それと同時に、確実な方法であることも確信していた。世界が汚れれば、本来の姿になれば、色が見える。歪な綺麗さがこの目から心を奪ったのなら、元に戻せば自然に色だって取り戻せる。
でもそうだとしたら、俺が払うべき代償は一体なんだ…
願いが叶うと同時にこの力を…役目を失うと、そういうことだろうか。
だとしたら、俺にとっては安い代償だ。むしろそれは褒美とも言えてしまう。ただただ悠久の時間を色づいた世界で過ごすことになるなら、それはむしろ幸せといえる。
そう考えたところで、きっとそうにはならないと気づいた。幸せと感じるようなことが代償になるはずがない。
「…迷っているんですね。やめたいなら、我を消したらいいんですよ」
ことも無げに言う。一番初めにあった時も、自分を消さないのかと問いかけられた。その時は消さないと言った。このつまらなすぎる世界にふって現れたイレギュラーを迎えた。影を潜めていたはずの闇の存在が、石畳の隙間から滲み出るように少しずつ這って侵食していくのを受け入れていた。
止めるなら、これが最後の機会。
もう次はない。
「…いつだってそうだ」
上がっていた口角が不意に落ちた。
感じられなかったこいつの中の憎悪が、覆っていた皮を剥がして晒されていく。
「都合が悪くなれば闇を消せばすべてが治ると思っている。
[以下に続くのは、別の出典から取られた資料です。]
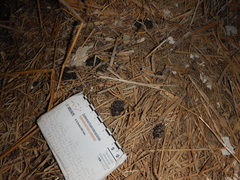 Athene noctua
そうやって自分たちが世界を制御しているかのように振る舞う。光こそ真の悪。憎悪を生み悲しい存在を生んだ元凶。それなのに、負の感情を悪として断罪することでその責から逃れようとする」
爆風ではためいたフードの下、初めて見えた目が強く自分を睨みつけていた。真っ黒で深い、ぽっかり空いた穴のような暗い目。込められた感情は怒りや恨みなのに、その裏で悲しい、苦しいと訴えられているようだった。
何か言おうと口を開きかけるのに、何も言えない。
本当にその通りだと思うから。
光という言葉が許されるのは、感情のない無い純粋なものくらいだ。
「……俺が望んで生かした。だから消したりしない…。迷っているのは、この性のせいだ。本心であって本心じゃないから、自分でも訳が分からなくなる。でも今更やめない。俺は…色を取り戻したい」
「…あなたの性、それは役目のことですか。それを聞いて安心しました。だったら、この人垣をかき分けてその目で確かめたらいい」
ここで起こっていることを。
そう言って、さっさと踵を返して消えた。露わになった感情を誤魔化すようにも思えた。
後に残された背後で、まだ炎が鎮火せずに轟音を立てる音がする。少女もまだ見つかっていない。
そして確信する。
少女はこの先にいる。今自分が立っているここよりもずっと熱くて激しい炎に晒されている。火種となった憎悪を確かめなくてはならない。
少女をここから連れ出さなくてはならない。